#ubuntu-budgie 2017-06-30
<jbicha> fossfreedom_: have you heard any incompability between Budgie 10.3 and mutter 3.24.3?
<jbicha> maybe it's just a problem trying to log out than log in to the live iso :(
<jbicha> so I worked around that by installing gdm
<jbicha> and it works very strange with gdm (gnome-shell is running!)
<fossfreedom_> jbicha, no - no reports.  I see that 3.24.3 is in proposed.  Let me upgrade today's daily with mutter in proposed
<jbicha> it worked for me
<jbicha> except the login screen difficulty in the live environment
<fossfreedom_> you logged out of the live session and tried to log back in?
<jbicha> yes, that doesn't work well
<fossfreedom_> k - let me have a quick look
<jbicha> btw, the Try or Install screen looks like it uses the Adwaita theme
<fossfreedom_> yep - no idea about that.  Was wondering if it was a fallback theme.

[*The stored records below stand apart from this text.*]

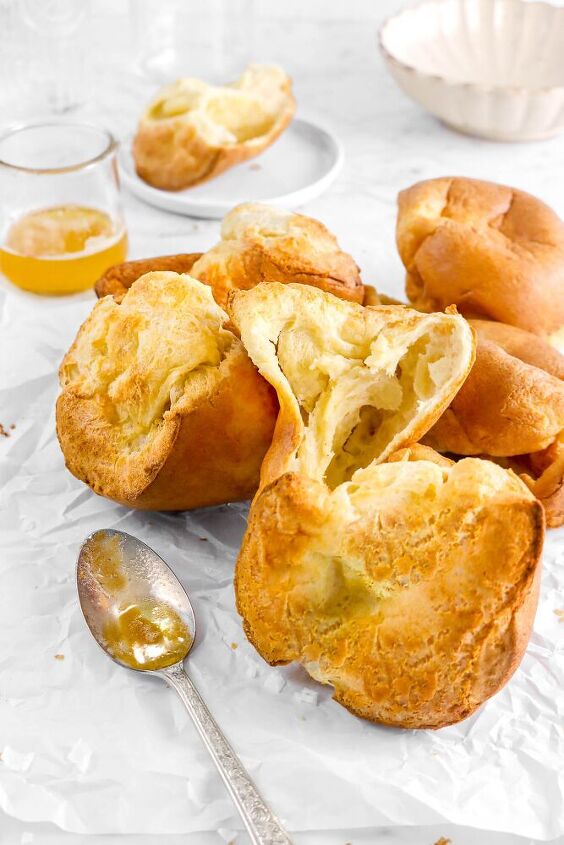easy brown butter popovers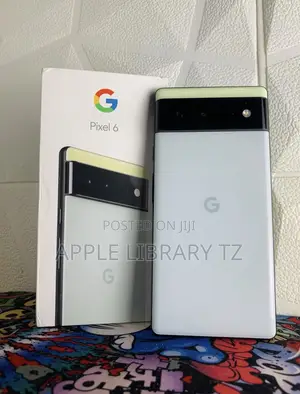 New Google Pixel 6 128 GB White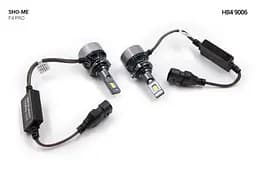 Комплект світлодіодних ламп Sho-Me F4-Pro 9006 (HB4) 45W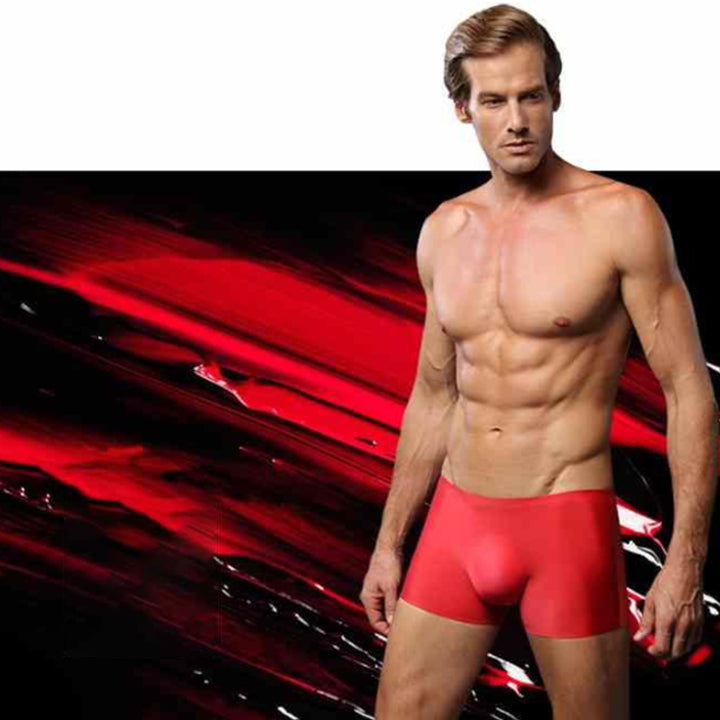 【BUY 3 GET 1 FREE & On-Time Delivery】Men's Ice Silk Breathable Underwear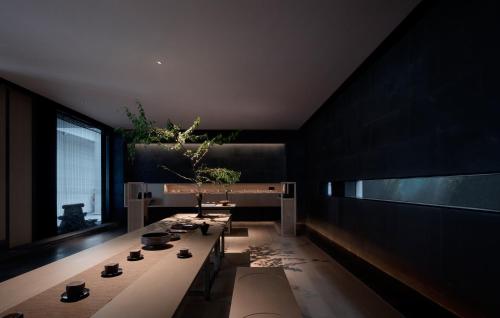 陽朔にあるGuilin Yangshuo Nine Roots Luxury Hotelのギャラリーの写真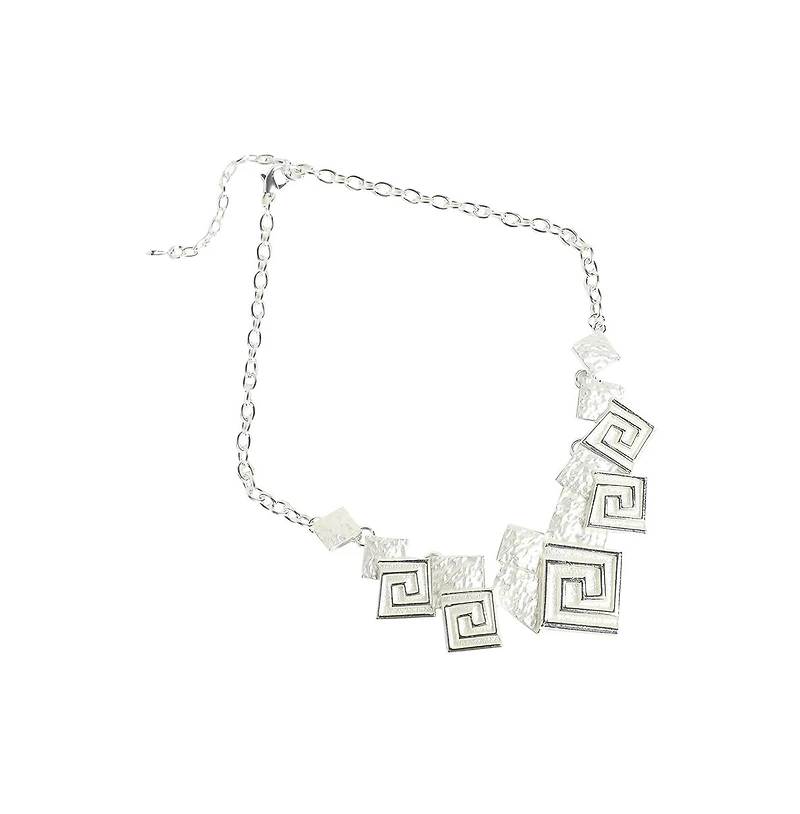 Party Statement Necklace & Stud Earrings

<jbicha> it is the default gtk3 theme unless overriden
<fossfreedom_> k - today's daily - logged out of the live session and logged back in ok.

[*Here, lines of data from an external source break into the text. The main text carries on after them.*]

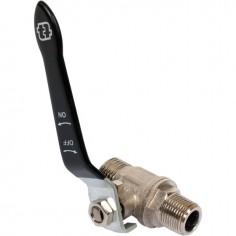 ROBINET À BILLE ROTATION DROITE G1/2M-1/2M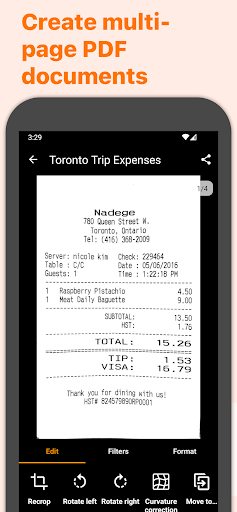 Genius Scan Enterprise - screenshot 3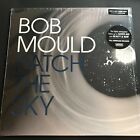  BOB MOULD PATCH THE SKY LP mit SIGNIERTEM KUNSTDRUCK EXKLUSIV Vinyl IN SCHRUMPF NM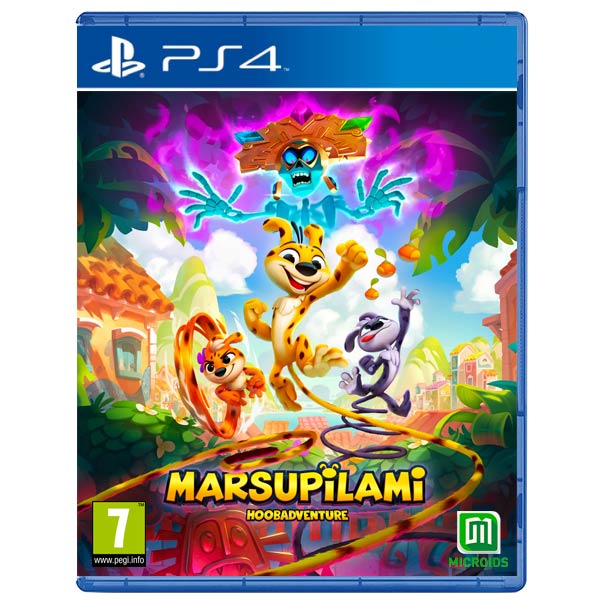 Marsupilami: Hoobadventure! (Tropical Edition) [PS4] - BAZÁR (használt termék)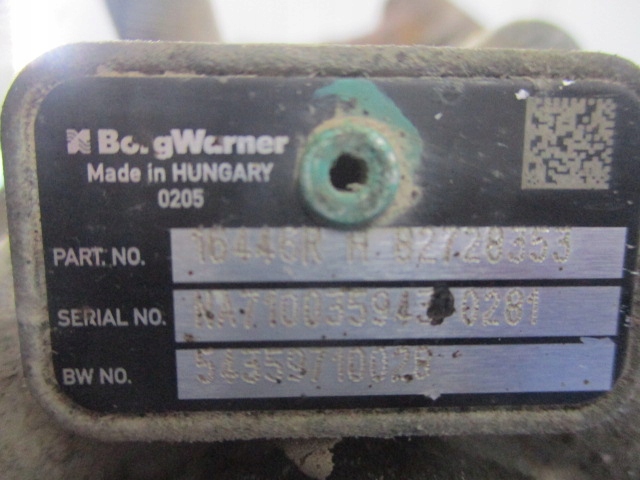 фото №6, Dacia sandero 1.5dci турбонагнетатель 82728353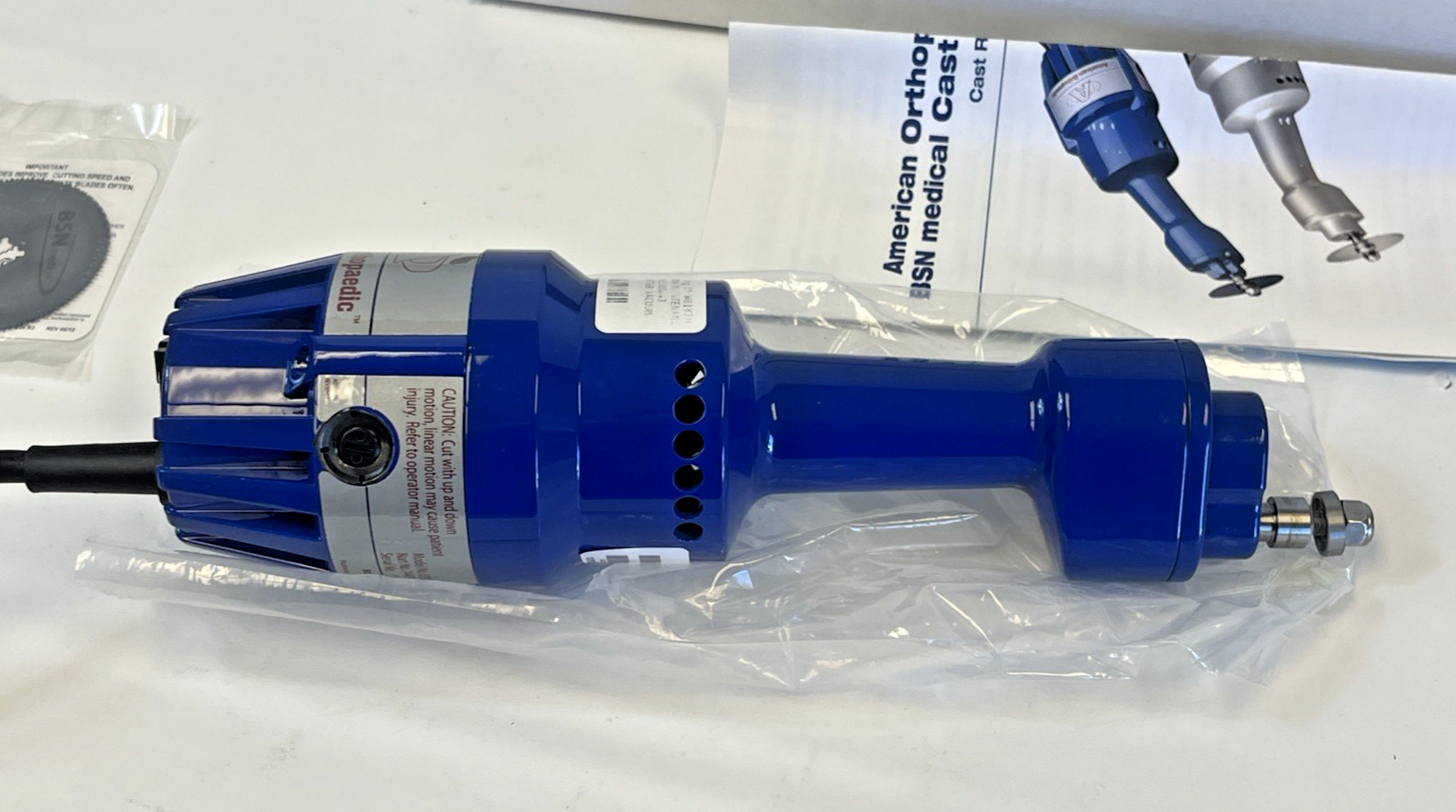 American Orthopaedic 0295-200 Cast Cutter Cutting Saw *NEW IN BOX* *US SELLER*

<fossfreedom_> odd - no 3.24.3 to upgrade to in proposed
<jbicha> mutter 3.24.3 is still building
<fossfreedom_> k - will wait and check later
<jbicha> I had trouble logging back in after reinstalling mutter
<fossfreedom_> jbicha, looks ok this side - installed libmutter and mutter packages (mutter-common pulled in) - logged out and logged in ok.  Works in live session and in an installed VM
#ubuntu-budgie 2018-06-26
<Etua> Hello, I recently installed JOSM but when I try to open it I can only see it's icon on the task bar for a few seconds and nothing happens after that. What may be the problem?

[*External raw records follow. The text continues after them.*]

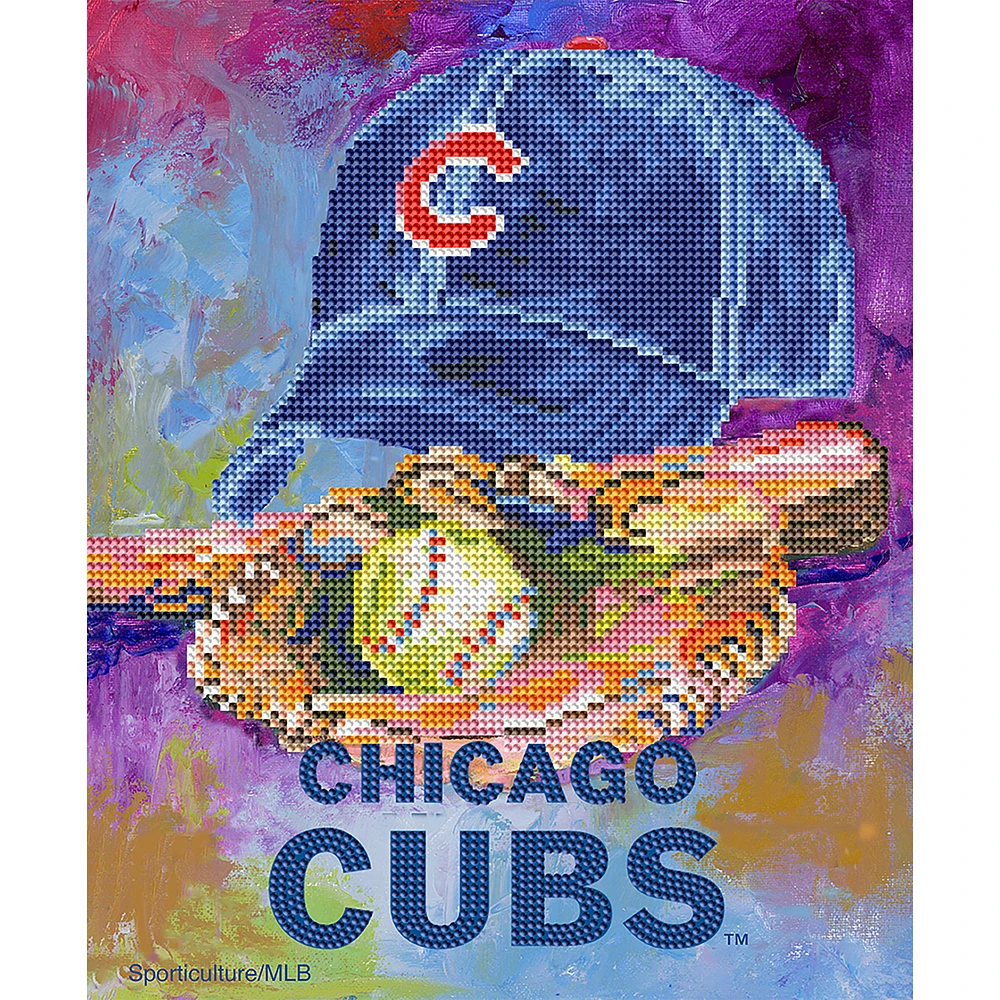 Sporticulture Chicago Cubs Diamond Art Craft Kit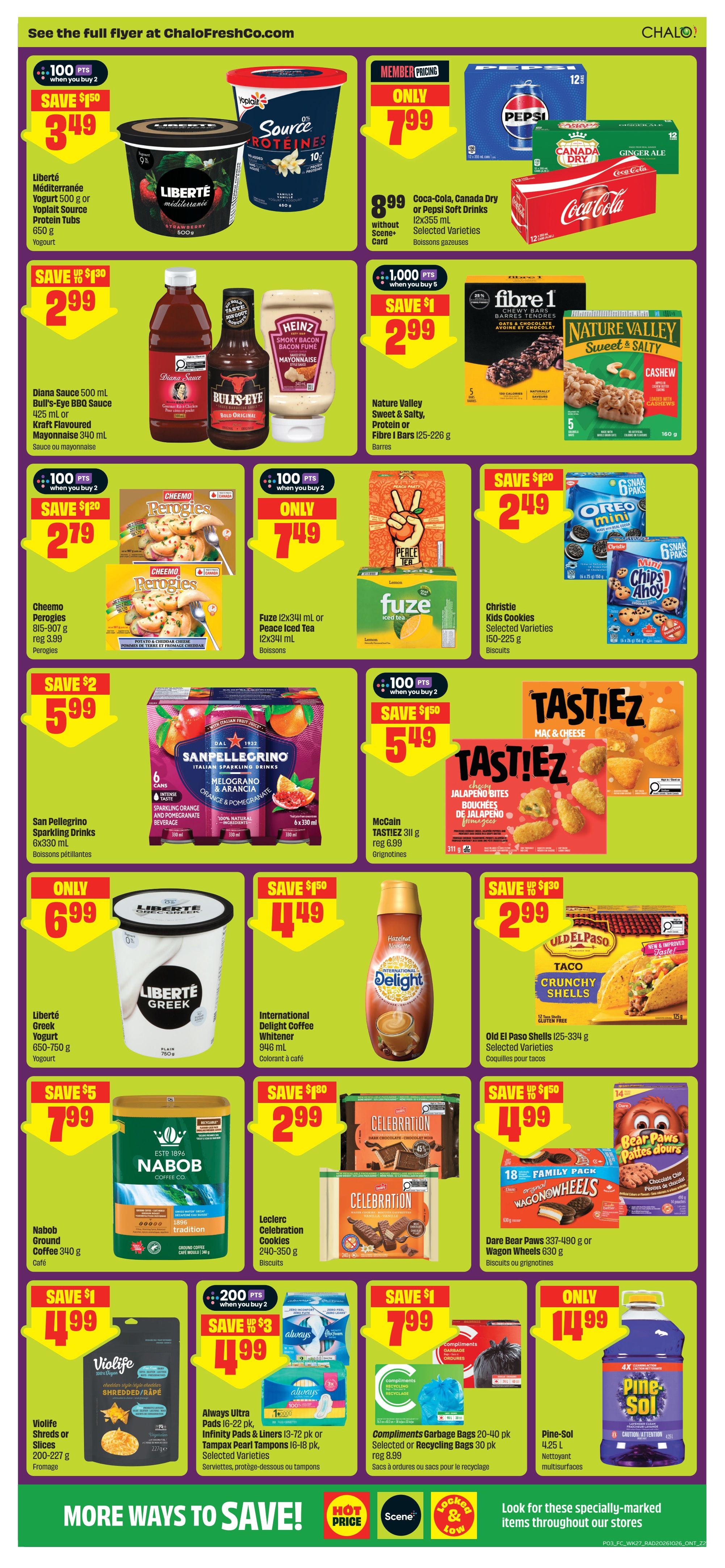 Chalo! FreshCo (ON) Flyer October 29 to November 4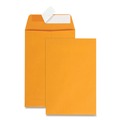 Envelopes & Mailers | Quality Park QUA44162 Redi-Strip 6 in. x 9 in. No. 1 Cheese Blade Flap Adhesive Closure Catalog Envelope - Brown Kraft (100/Box) image number 0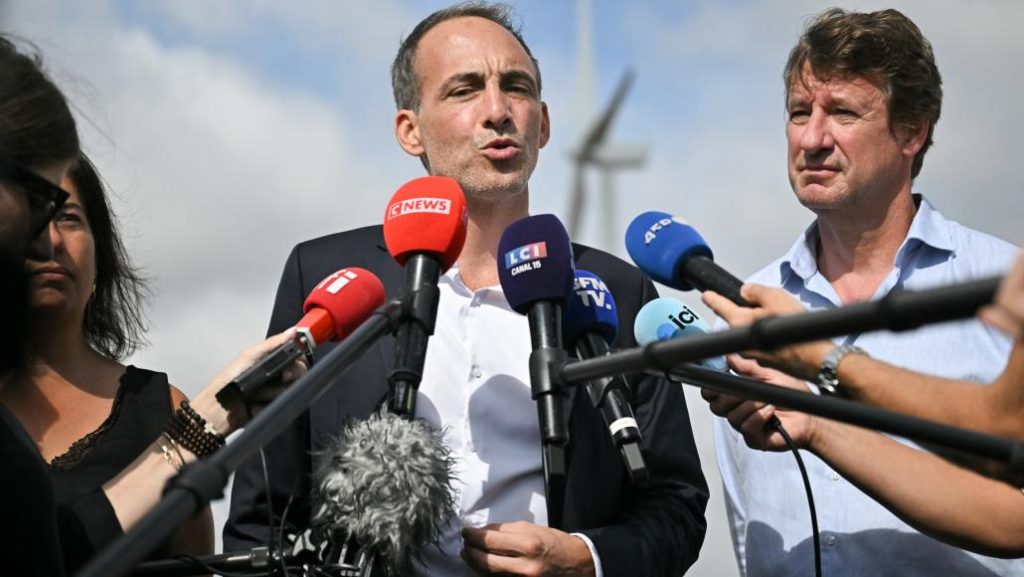 Raphaël Glucksmann présidentielle 2027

<cw_the_developer> Evening y'al
<cw_the_developer> how's it going
<cw_the_developer> I was wondering if I could get a little assistance
#ubuntu-budgie 2018-06-27
<xarius> So, what's up with Geary automatically opening "Print" options when opening an email?
<cw_the_developer> hello?
#ubuntu-budgie 2018-06-30
<GreenMartian> Hi guys. Couple bugs UB 18.04. 1) Pithos from Ubuntu repo temp locks system after about every 5th song. Pithos flatpak install works fine. 2) Pithos (both repo and flatpak) no system tray icon when closed to tray. 3) Bleachbit root from the menu does not open. Thx!